## [EXERCISE REQUIREMENTS]
From the line below that contains "Financial Feasibility Study" to the line that contains "Highway Police Simulator: S.W.A.T. Edition", repeat every line exactly, both ends included, and nothing else.

## [DATA UNDER STUDY]
--- START ---

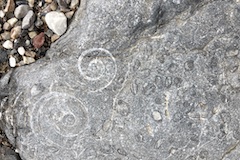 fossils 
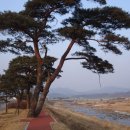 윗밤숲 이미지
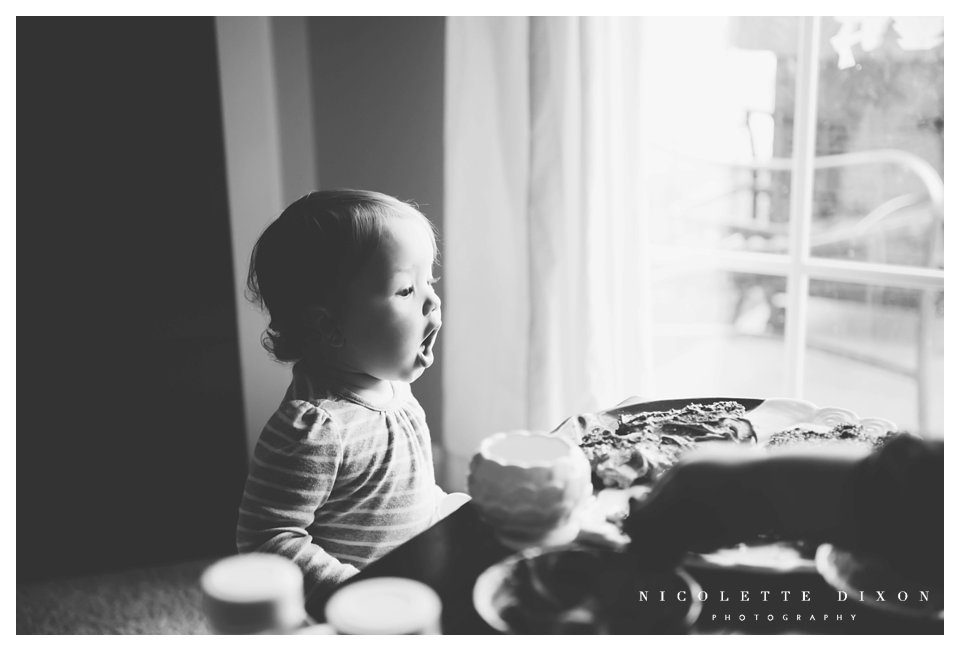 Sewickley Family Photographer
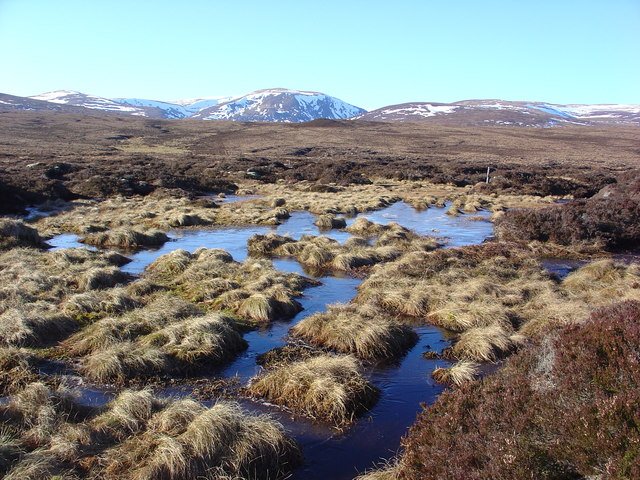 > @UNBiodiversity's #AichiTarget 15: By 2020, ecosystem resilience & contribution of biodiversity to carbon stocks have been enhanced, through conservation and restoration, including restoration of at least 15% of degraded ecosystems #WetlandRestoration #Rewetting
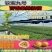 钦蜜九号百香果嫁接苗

--- END ---
--- START ---

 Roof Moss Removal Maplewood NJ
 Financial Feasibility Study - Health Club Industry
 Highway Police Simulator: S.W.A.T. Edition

--- END ---

## [ANSWER BOX]
 Financial Feasibility Study - Health Club Industry
 Highway Police Simulator: S.W.A.T. Edition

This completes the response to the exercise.